(Entries taken from a collection)

_ _ _

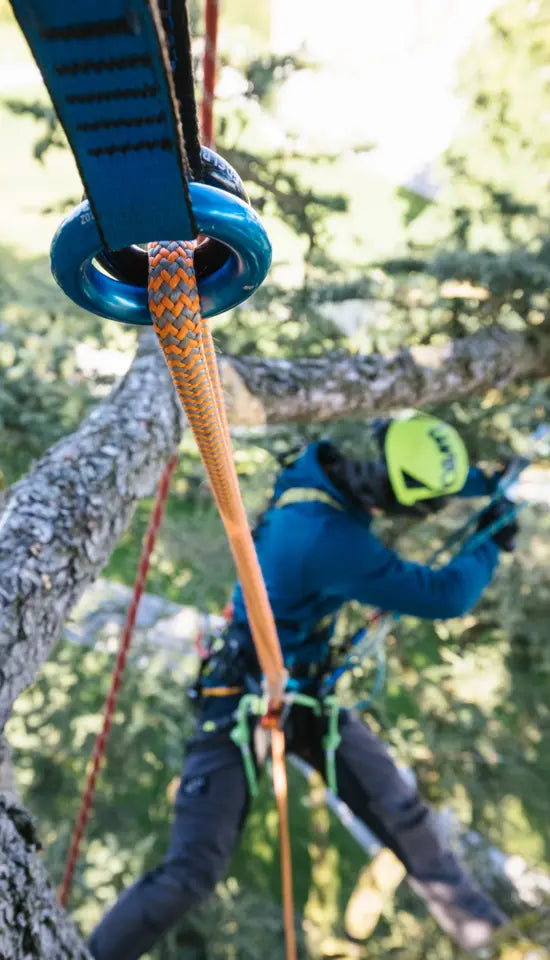 Edelrid Woodpecker 11.7mm Climbing Rope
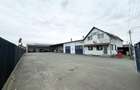 Spatiu comercial si locuin?a DE VANZARE, str. C.F.R - 6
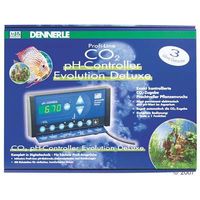 Contr�leur de pH Dennerle Profi-Line Evolution DeLuxe - - 1 Dennerle Profi-Line ph-Controller Evolution DeLuxe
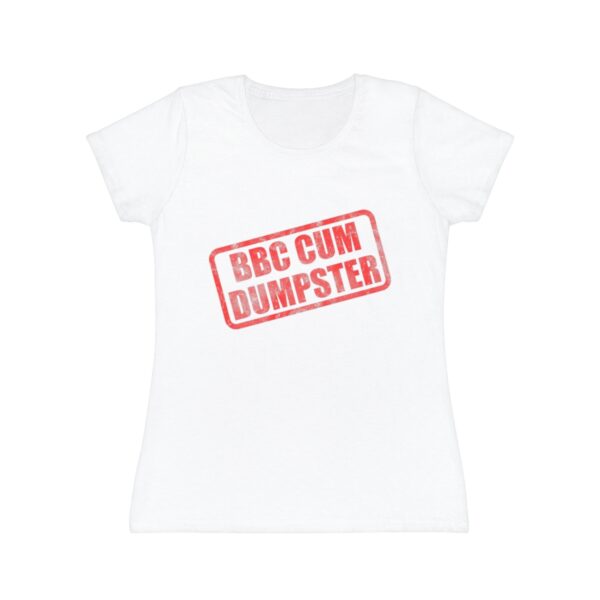 BBC Cum Dumpster Stamp T-Shirt - Image 2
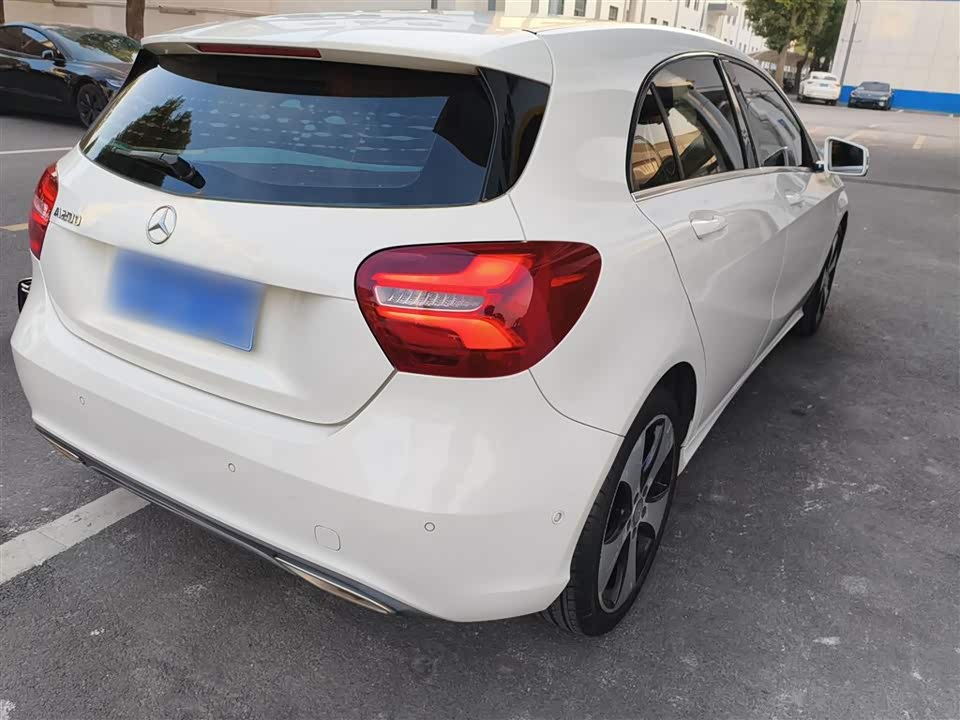 Mercedes-Benz Class A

_ _ _

Prompt: Retype the records above line for line and exactly, omitting their pictures.

Result of the exercise:
 Edelrid Woodpecker 11.7mm Climbing Rope
 Spatiu comercial si locuin?a DE VANZARE, str. C.F.R - 6
 Contr�leur de pH Dennerle Profi-Line Evolution DeLuxe - - 1 Dennerle Profi-Line ph-Controller Evolution DeLuxe
 BBC Cum Dumpster Stamp T-Shirt - Image 2
 Mercedes-Benz Class A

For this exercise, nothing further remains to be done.